**Task brief**. Would you copy out the whole listing exactly as given?
##########
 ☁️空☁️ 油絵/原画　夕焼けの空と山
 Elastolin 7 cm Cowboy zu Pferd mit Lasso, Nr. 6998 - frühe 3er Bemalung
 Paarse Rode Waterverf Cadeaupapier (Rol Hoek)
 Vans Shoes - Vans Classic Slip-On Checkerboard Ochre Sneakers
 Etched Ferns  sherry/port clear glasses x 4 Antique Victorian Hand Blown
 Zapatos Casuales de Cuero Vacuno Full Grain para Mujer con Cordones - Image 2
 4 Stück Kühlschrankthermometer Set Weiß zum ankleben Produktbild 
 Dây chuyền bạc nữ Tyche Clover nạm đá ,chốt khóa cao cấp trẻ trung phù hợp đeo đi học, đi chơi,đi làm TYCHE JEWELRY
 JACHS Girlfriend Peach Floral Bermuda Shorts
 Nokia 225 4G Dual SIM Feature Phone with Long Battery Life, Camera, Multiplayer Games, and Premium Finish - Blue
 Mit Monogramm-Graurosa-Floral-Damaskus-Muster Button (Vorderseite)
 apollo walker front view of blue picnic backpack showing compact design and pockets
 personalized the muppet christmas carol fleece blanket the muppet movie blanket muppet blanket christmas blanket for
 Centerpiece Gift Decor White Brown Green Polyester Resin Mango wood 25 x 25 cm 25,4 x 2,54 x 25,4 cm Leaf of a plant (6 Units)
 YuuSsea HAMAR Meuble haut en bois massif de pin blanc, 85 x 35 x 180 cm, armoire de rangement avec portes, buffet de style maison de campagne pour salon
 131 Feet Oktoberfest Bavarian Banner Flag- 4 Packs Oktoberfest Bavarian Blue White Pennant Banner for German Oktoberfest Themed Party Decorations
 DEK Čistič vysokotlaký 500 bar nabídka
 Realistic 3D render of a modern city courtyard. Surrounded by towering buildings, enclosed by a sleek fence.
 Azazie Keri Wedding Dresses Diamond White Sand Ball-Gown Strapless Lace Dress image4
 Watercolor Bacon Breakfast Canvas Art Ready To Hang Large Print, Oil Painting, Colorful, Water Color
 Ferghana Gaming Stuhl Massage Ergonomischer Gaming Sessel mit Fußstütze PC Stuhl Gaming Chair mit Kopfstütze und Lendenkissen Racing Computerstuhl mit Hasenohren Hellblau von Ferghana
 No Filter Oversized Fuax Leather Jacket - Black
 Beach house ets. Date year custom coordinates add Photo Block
##########
**Response area**.
 ☁️空☁️ 油絵/原画　夕焼けの空と山
 Elastolin 7 cm Cowboy zu Pferd mit Lasso, Nr. 6998 - frühe 3er Bemalung
 Paarse Rode Waterverf Cadeaupapier (Rol Hoek)
 Vans Shoes - Vans Classic Slip-On Checkerboard Ochre Sneakers
 Etched Ferns  sherry/port clear glasses x 4 Antique Victorian Hand Blown
 Zapatos Casuales de Cuero Vacuno Full Grain para Mujer con Cordones - Image 2
 4 Stück Kühlschrankthermometer Set Weiß zum ankleben Produktbild 
 Dây chuyền bạc nữ Tyche Clover nạm đá ,chốt khóa cao cấp trẻ trung phù hợp đeo đi học, đi chơi,đi làm TYCHE JEWELRY
 JACHS Girlfriend Peach Floral Bermuda Shorts
 Nokia 225 4G Dual SIM Feature Phone with Long Battery Life, Camera, Multiplayer Games, and Premium Finish - Blue
 Mit Monogramm-Graurosa-Floral-Damaskus-Muster Button (Vorderseite)
 apollo walker front view of blue picnic backpack showing compact design and pockets
 personalized the muppet christmas carol fleece blanket the muppet movie blanket muppet blanket christmas blanket for
 Centerpiece Gift Decor White Brown Green Polyester Resin Mango wood 25 x 25 cm 25,4 x 2,54 x 25,4 cm Leaf of a plant (6 Units)
 YuuSsea HAMAR Meuble haut en bois massif de pin blanc, 85 x 35 x 180 cm, armoire de rangement avec portes, buffet de style maison de campagne pour salon
 131 Feet Oktoberfest Bavarian Banner Flag- 4 Packs Oktoberfest Bavarian Blue White Pennant Banner for German Oktoberfest Themed Party Decorations
 DEK Čistič vysokotlaký 500 bar nabídka
 Realistic 3D render of a modern city courtyard. Surrounded by towering buildings, enclosed by a sleek fence.
 Azazie Keri Wedding Dresses Diamond White Sand Ball-Gown Strapless Lace Dress image4
 Watercolor Bacon Breakfast Canvas Art Ready To Hang Large Print, Oil Painting, Colorful, Water Color
 Ferghana Gaming Stuhl Massage Ergonomischer Gaming Sessel mit Fußstütze PC Stuhl Gaming Chair mit Kopfstütze und Lendenkissen Racing Computerstuhl mit Hasenohren Hellblau von Ferghana
 No Filter Oversized Fuax Leather Jacket - Black
 Beach house ets. Date year custom coordinates add Photo Block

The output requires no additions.